Metcalf also hosted a pie contest.
Elsie Montgomery won the pie contest with her Margarita Pie. Her recipe included tequila, orange liqueur, whipped cream, lime and orange zest, lime concentrate, whipped heavy cream, graham crackers and condensed milk in a pretzel crust.
“It’s a summer pie,” she said.
Chris Dempsey, owner of Robert C. Dempsey Insurance Agency, said he had two bands play in front of his business on Friday. He also had Beyond the Veil, a Christian band from Maryland, play on Sunday.
“We just like giving back to the community,” Dempsey said. He said he had booked the same bands to perform in front of his business next year.
The Raptor Project, a traveling bird show, included several birds, such as falcons, owls and one eagle.

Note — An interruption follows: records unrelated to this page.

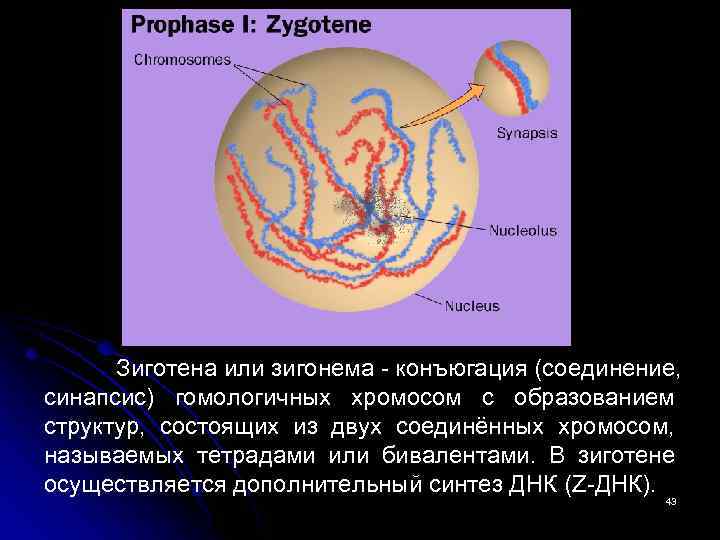 Зиготена или зигонема - конъюгация (соединение, синапсис) гомологичных хромосом с образованием структур, состоящих из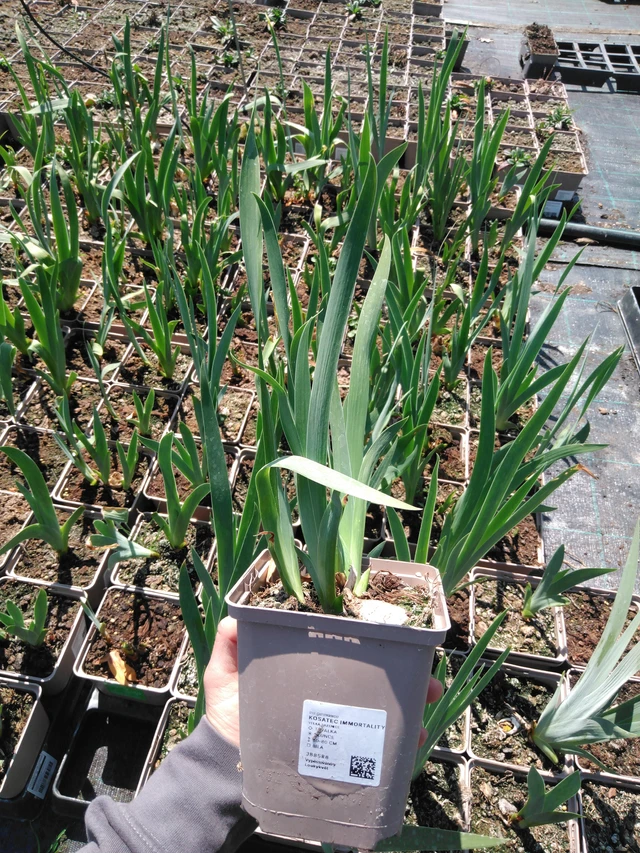 Iris Immortality - 13. 5. 2025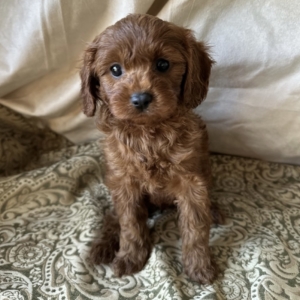 puppies for sale in boca raton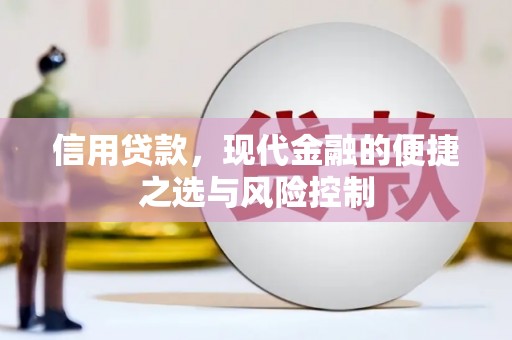 卓尼信用贷款，现代金融的便捷之选与风险控制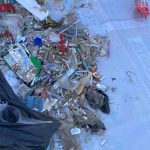 Ação do Dia de Limpeza dos Mares coleta mais de 30 quilos de resíduos
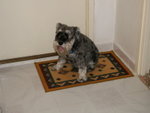 PICT0022
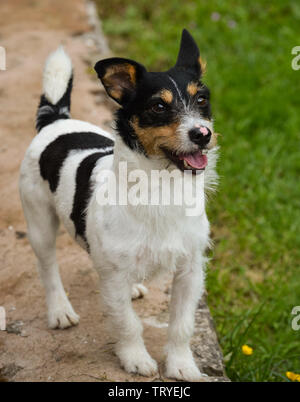 A naughty wire haired black white and brown Jack Russell Terrier dog standing on a wall and plotting mischief Stock Photo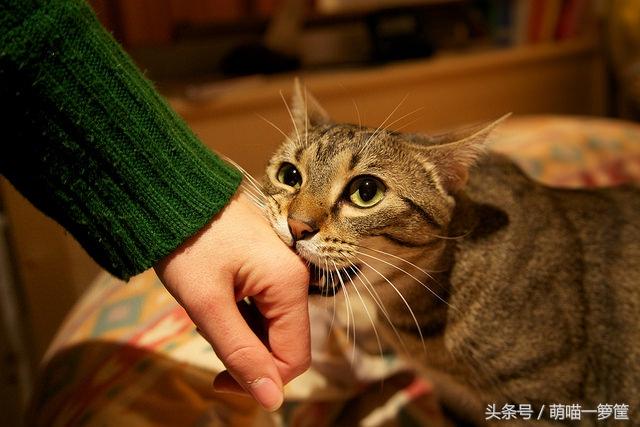 小萌猫红小胖:为什么养了一只猫后不自觉地还想再养一只？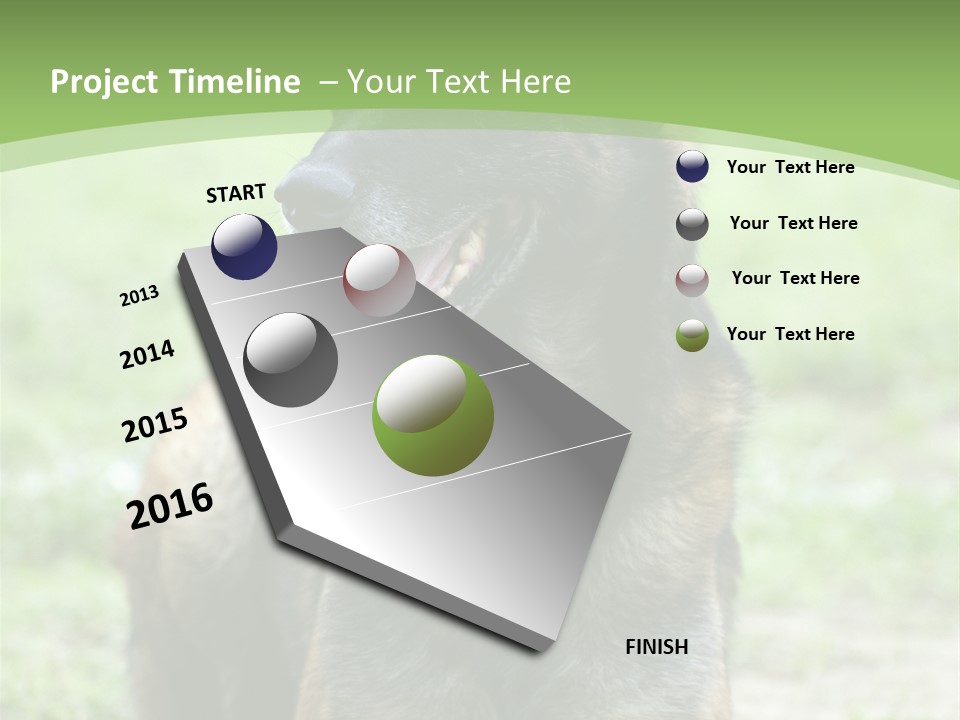 A German Shepherd Laying Down In The Grass PowerPoint Template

Spectators learned facts about the birds. For example, the burrowing owl, native to North America and South America, will imitate the rattling sound of a rattlesnake if it feels it is in immediate danger.
The eagle can put pressure of about 2,000 pounds per square inch on a surface and can spot prey about 2 miles away, Jonathan Wood said.
During the show, Wood called on Jacey Hatfield, a girl in the audience, to stand next to an owl, the eagle owl.
“It felt like a soft pillow,” she said after her pose with the bird.
Mackenzie said the celebration was a success.
“I just thought it was a great turnout,” said Mackenzie. “I just think it was a great overall thing.”